The above shows that the slaves are working fine, there is just no newer data available. The problem is probably that the snapshot of the master contains less data than the slaves due to the restore of a older database version (snapshot of the server). Check that the value of the "updated" column in the "server" database table on the master server and the salve server is not higher the the highest ID of the sys_datalog column on the master server. The sync works like this: get changes from sys_datalog where sys datalog id > vaue of updated column of the server record in the server table.

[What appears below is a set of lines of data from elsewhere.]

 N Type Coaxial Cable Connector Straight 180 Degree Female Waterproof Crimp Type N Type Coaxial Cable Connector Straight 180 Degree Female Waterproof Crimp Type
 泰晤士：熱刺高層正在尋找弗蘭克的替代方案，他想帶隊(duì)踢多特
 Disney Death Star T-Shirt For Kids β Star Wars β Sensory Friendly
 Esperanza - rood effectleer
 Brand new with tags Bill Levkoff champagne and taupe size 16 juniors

Hi Till. In server table: 1 - master/web -- 8456 2 - mail ----------- 8429 3 - db ------------- 8430 4 - dns1 --------- 8431 5 - dns2 --------- 8432 In sys_datalog table: 1 - master/web -- 8456 2 - mail ------------- 8466 3 - db -------------- 8460 4 - dns1 ----------- 8462 5 - dns2 ----------- 8464 I see that a multiserver setup with snapshots is not a good idea...

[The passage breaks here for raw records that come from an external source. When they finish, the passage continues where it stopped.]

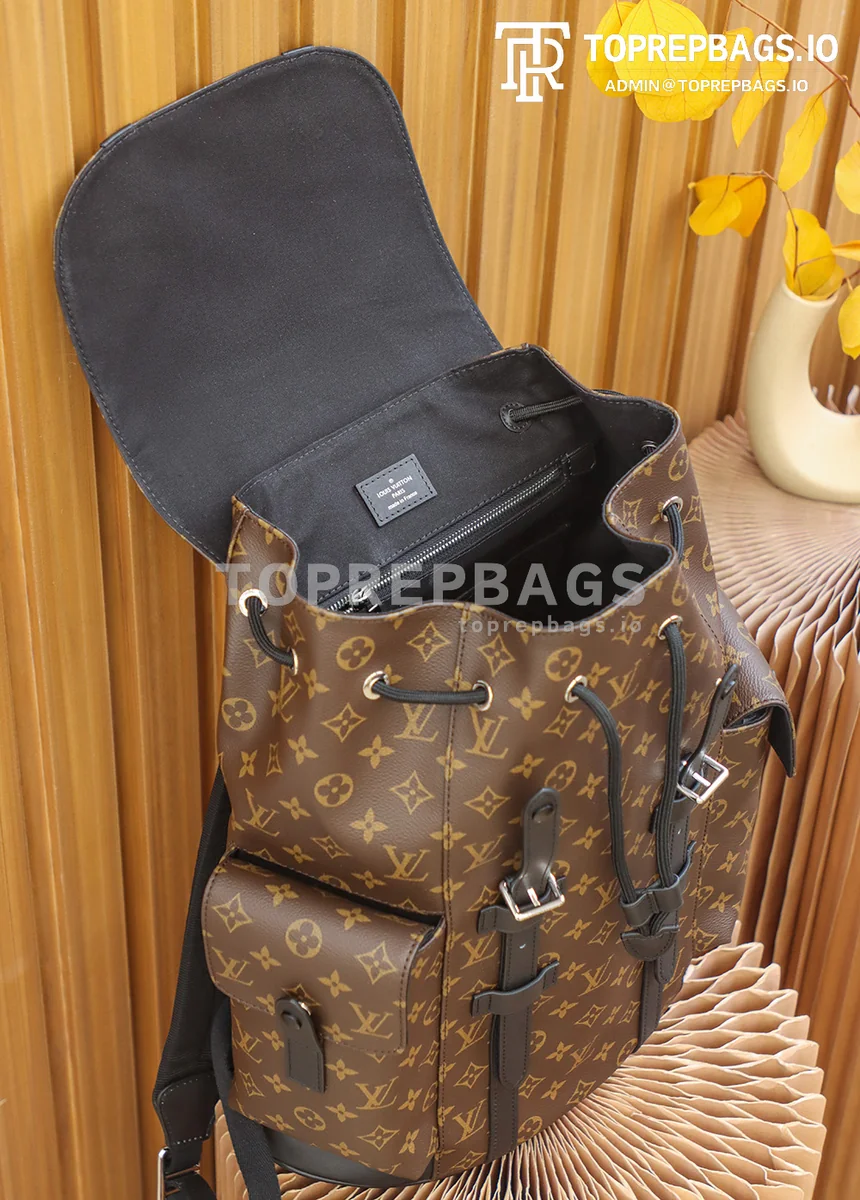 a1636186500070_3028 Louis Vuitton Christopher in Brown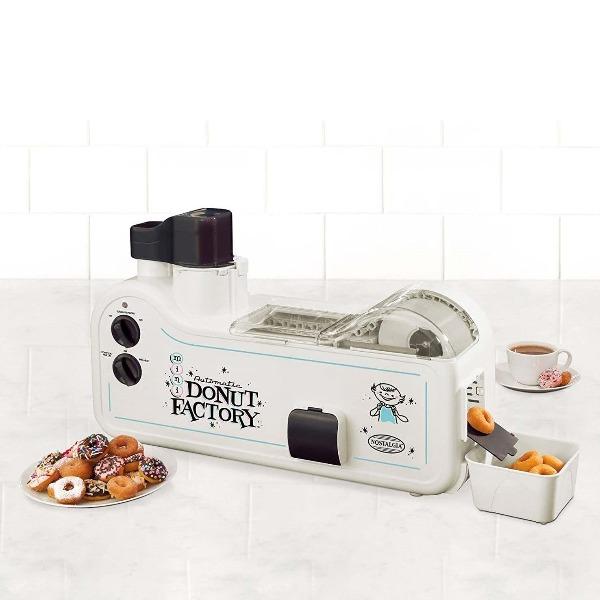 Automatic Mini Donut Factory-birthday-gift-for-men-and-women-gift-feed.com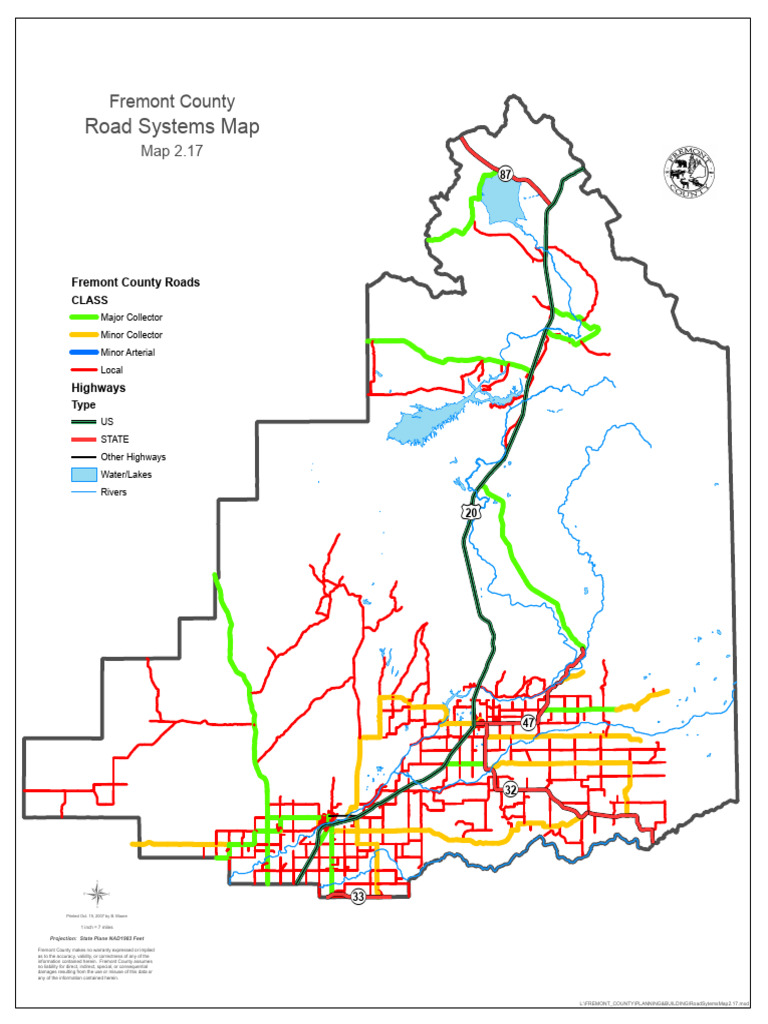 2.17 Road Systems Map PDF | PDF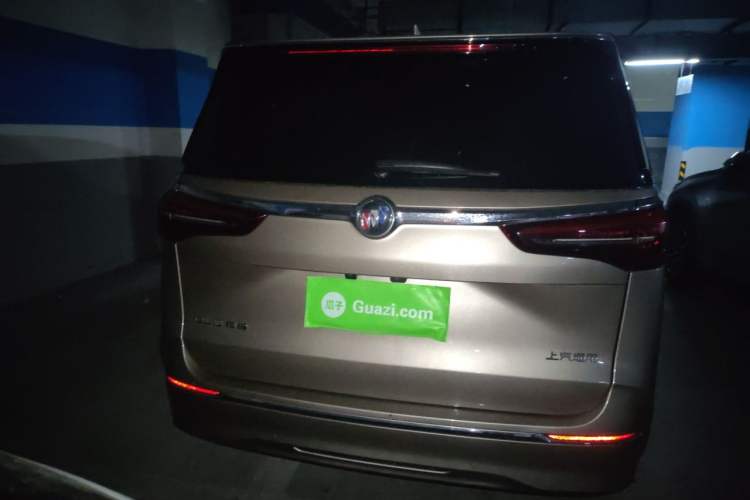 Used Buick GL8 2023 ES Lu Zun Luxury Model Rear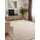 HANSE HOME Elle Decoration Rocco Woll-Optik Teppich Rocco Creme - Creme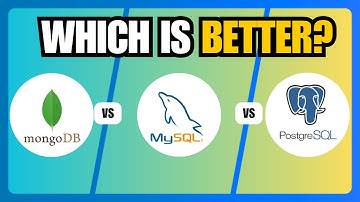 MySQL vs PostgreSQL vs MongoDB: What’s the Difference? (2025)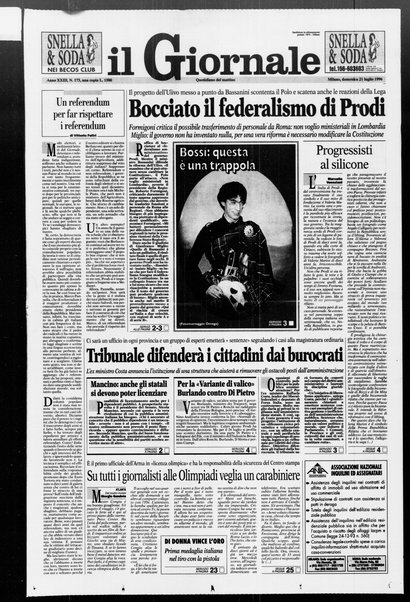 Il giornale : quotidiano del mattino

Check the updated columns in server table of all slave servers, if one of them is > 8456 then change it to 8456, so all updates that you do from now on on the master get picked up by the slaves again.
All ok Till, job queue works again, but now I'm another problem... Monitor tell me that DNS have warnings in log: Writing BIND domain file failed: /etc/bind/pri.domain.com zone domain.com/IN: has no NS records zone domain.com/IN: not loaded due to errors. I've delete the warnings, zone afected and created again but warning persist. When I updated the cell in table updated, first time put in 8056 and no 8456.... (sorry... many hours without sleep...) then fix it with correct value -.-
I've deleted the entire customer and warnings and now seems it's working again. DNS zone created correctly in /etc/bind/named, and job queue processes perfectly. The monitor debug seems ok. Thank you so much for your help Till.